A trillion here, a trillion there, and pretty soon you’re talking real money

Imacon Color Scanner
Painting of Everett Dirksen, a thrifty Republican.  Remember those?

W.J. Astore

Though it’s unconfirmed that Congressman Everett M. Dirksen ever uttered perhaps the most famous words attributed to him: “A billion here, a billion there, and pretty soon you’re talking real money,” the sentiment surely needs to be updated for America’s profligate military moment.  Replace “billion” with “trillion” and you have the perfect catchphrase for today’s Pentagon.

Consider the following facts:

  1. The F-35 jet fighter is projected to cost $1.45 trillion over the life of the program.
  2. Modernization of the U.S. nuclear arsenal is projected to cost $1.2 trillion, though some estimates suggest $1.7 trillion as the more likely sum.
  3. America’s Afghan War has already cost $1 trillion.  Add to that another $45+ billion to support war ops for this year, and perhaps the same amount of spending each year for the next decade.
  4. A low-ball estimate for America’s Iraq War is $1 trillion, but when one adds in veterans health care and similar long-term issues, the cost rises into the $2-3 trillion range.
  5.  Each year, spending on the Pentagon, Homeland Security, wars, nuclear weapons, the VA, and interest on the national debt associated with previous military spending approaches $1 trillion.

We’re talking about real money, right?

Yet all this spending is scarcely debated within Congress.  Together with the Trump administration, Congress is a rubber stamp for the Pentagon.  Meanwhile, Congress will fight tooth and nail over a few million dollars to support the arts, humanities, and similar “wasteful” programs.  Planned Parenthood is always under attack, despite the paltry sum they receive (roughly half a billion) to provide vital functions for women’s health.  Even the $200 billion promised by Trump to support infrastructure improvements is a trickle of money compared to the gusher of funds dedicated to the Pentagon and all of its exotic WMD.

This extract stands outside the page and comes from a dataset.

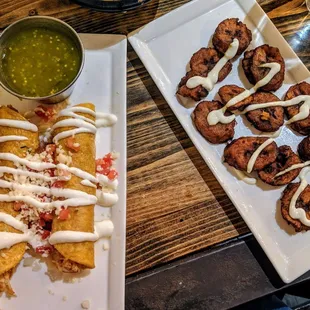 Shredded Chicken Flautas &amp; Platanitos - Both favorites!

People laughed at Bernie Sanders when he proposed health care for all and free education in state colleges.  That socialist fool!  America can’t afford that!  Indeed, much better for people to go into debt as they struggle to pay for health care or college.  That’s private enterprise and “freedom” for you.  Own the debt and you can own the world.

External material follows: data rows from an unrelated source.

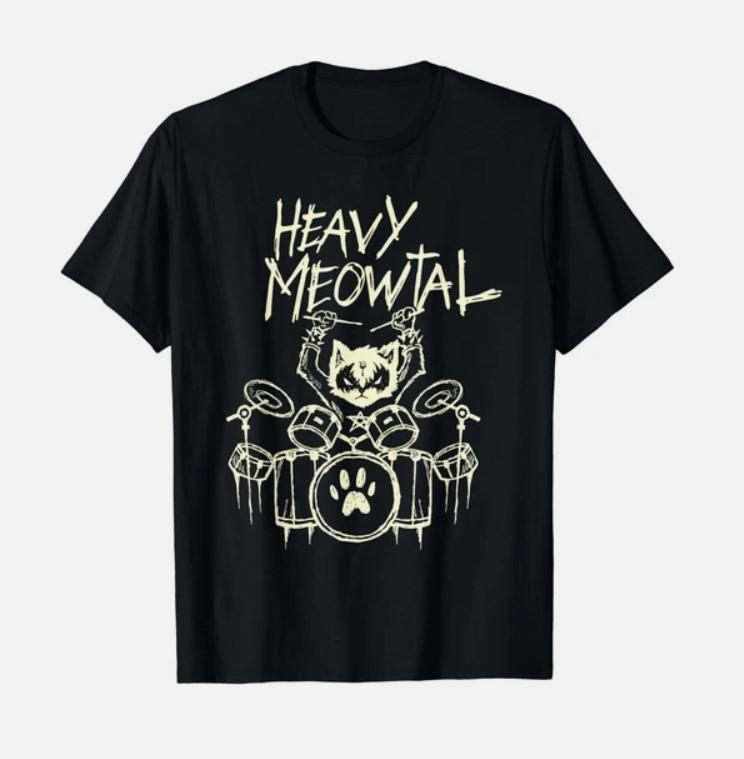 Heavy Meowtal T- Heavy Metal Cat Drummer Drum Kit Rock Music Funny Gift Unisex T-Shirt S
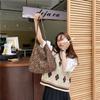 Large Capacity Leopard Print Handbag Printed Canvas Shoulder Bag Simple Canvas Crossbody Bag  Class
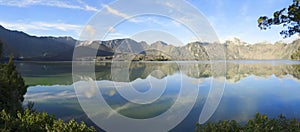 Panorama of Segara Anak on Mount Rinjani crater lake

No — Bernie Sanders wasn’t crazy.  America could easily afford universal health care and virtually free education at state colleges and universities.  Our elites simply choose not to consider these proposals, let alone fund them.  But more nukes?  More wars?  More jets and subs and tanks?  Right this way, my boy!

All these trillions for weapons and wars — one thing is certain: “freedom,” as they say, sure isn’t free.

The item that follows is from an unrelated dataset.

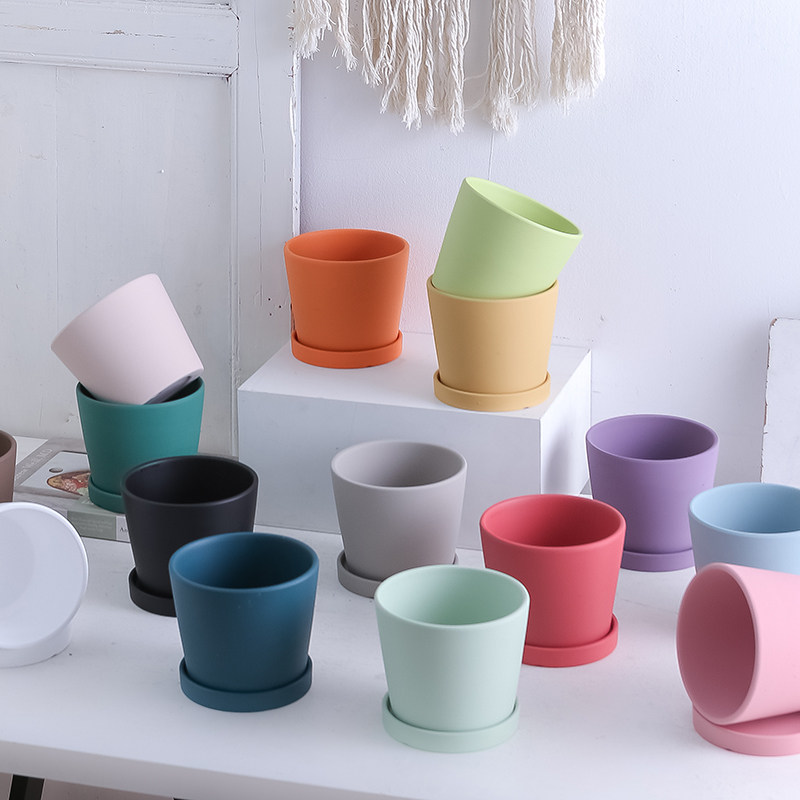 陶瓷多彩简约北欧风ins带托盘圆形素烧花盆鲜花多肉绿萝绿植盆栽,淘宝优惠券,粉丝福利购,淘宝优惠卷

Update (2/27/18): At TomDispatch.com, Bill Hartung goes into greater detail on the Pentagon’s massive budget for 2018 and 2019.  As he notes: “The figures contained in the recent budget deal that kept Congress open, as well as in President Trump’s budget proposal for 2019, are a case in point: $700 billion for the Pentagon and related programs in 2018 and $716 billion the following year. Remarkably, such numbers far exceeded even the Pentagon’s own expansive expectations. According to Donald Trump, admittedly not the most reliable source in all cases, Secretary of Defense Jim Mattis reportedly said, ‘Wow, I can’t believe we got everything we wanted’ — a rare admission from the head of an organization whose only response to virtually any budget proposal is to ask for more.”

The title of Hartung’s article sums it up: The Pentagon Budget as Corporate Welfare for Weapons Makers.

Put succinctly, it’s warfare as welfare — and wealth-care — for the military-industrial complex.